La Cour en a donc déduit que la procédure, « justifiée au regard du caractère hautement confidentiel de ces zones », ne méconnaissait pas la liberté de circulation des représentants du personnel dans l'exercice de leur mandat.
Déplacement des suppléants dans l’entreprise ?
La loi associe la liberté de déplacement aux heures de délégation. Aussi, un suppléant qui remplacerait un titulaire absent pourrait prendre les heures de délégation du titulaire absent et la liberté de déplacement qui va avec.
Un suppléant qui ne remplace pas un titulaire absent et qui n’a pas d’heure de délégation peut tout à fait, en dehors de son temps de travail, circuler dans l’entreprise, y rencontrer des salariés y compris à leur poste de travail, à condition de ne pas apporter de gêne importante à l’accomplissement de leur travail ou tenir des permanences.
Limites du contrôle par l'employeur :
L'employeur ne peut pas mettre en place un système d'autorisation tellement complexe qu'il décourage la libre circulation des élus dans l'entreprise.
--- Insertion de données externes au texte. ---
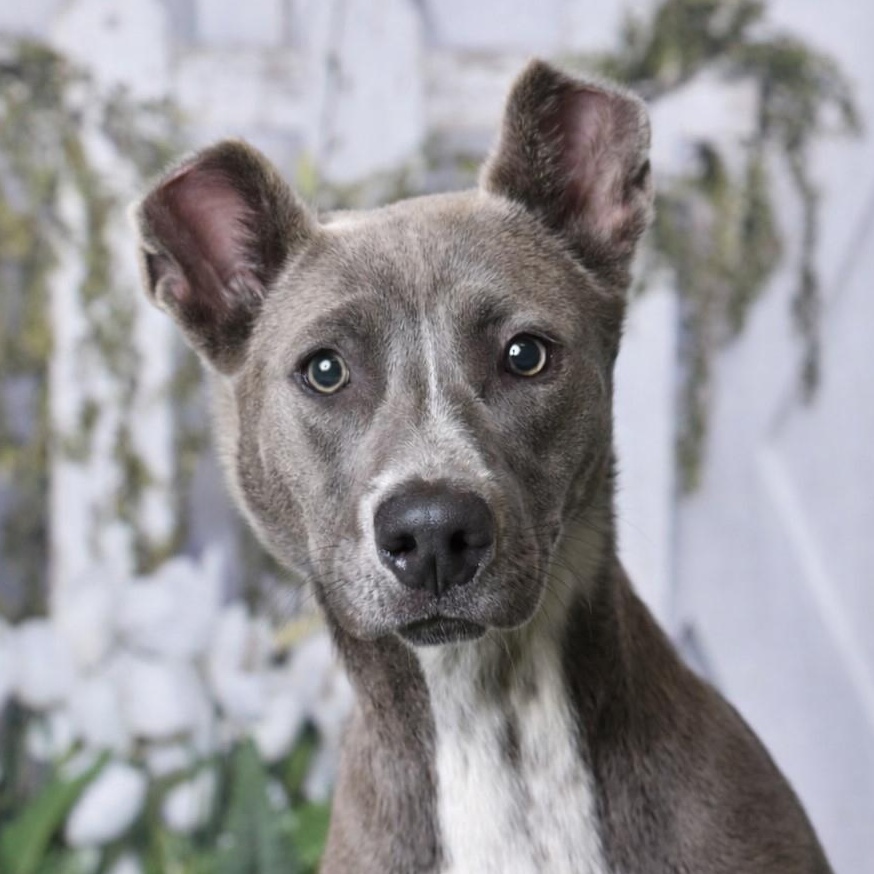 Sloan 60312333, ADOPTABLE, Young Female Mixed Breed.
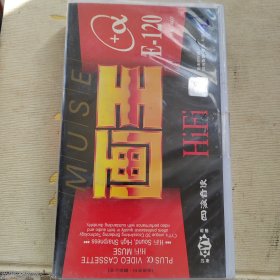 空白录像带：画王E一120（未折封）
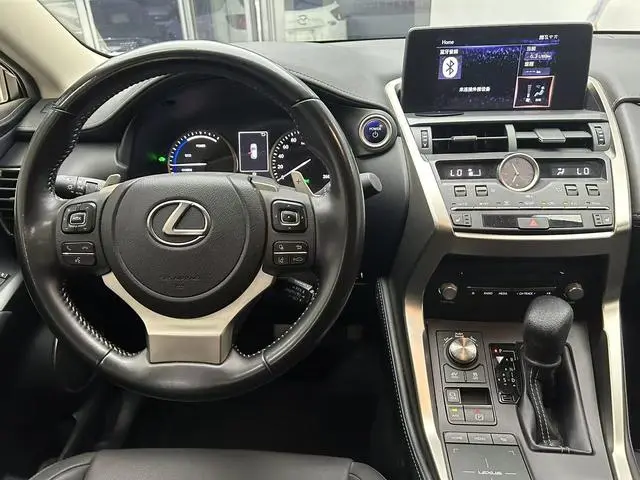 Lexus Lexus NX 300h front drive Fengshang version Country V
C'était le cas dans cette affaire, l’accès à certains locaux nécessitait l'autorisation de haut responsables hiérarchiques ne permettant pas un accès immédiat au locaux, Cour de Cassation, Chambre criminelle, du 15 novembre 1994, 93-85.070.
Un système de contrôle d'accès à des établissements (badge électronique,verrou à code secret, carte à puce, etc.), ne peut pas entraver la liberté d'aller et venir des salariés représentants du personnel dans l'exercice de leurs fonctions Cour de Cassation, Chambre criminelle, du 28 juin 1994, 93-82.824.
Impossible pour l'employeur d’obliger les élus à remplir un ordre de mission avec la mention "accordé ou refusé", Cour de cassation, criminelle, Chambre criminelle, 5 mars 2013, 11-83.984.
Conseils : Préciser les modalités de circulation dans l’entreprise en négociant un accord collectif ou dans le règlement intérieur du comité d'entreprise.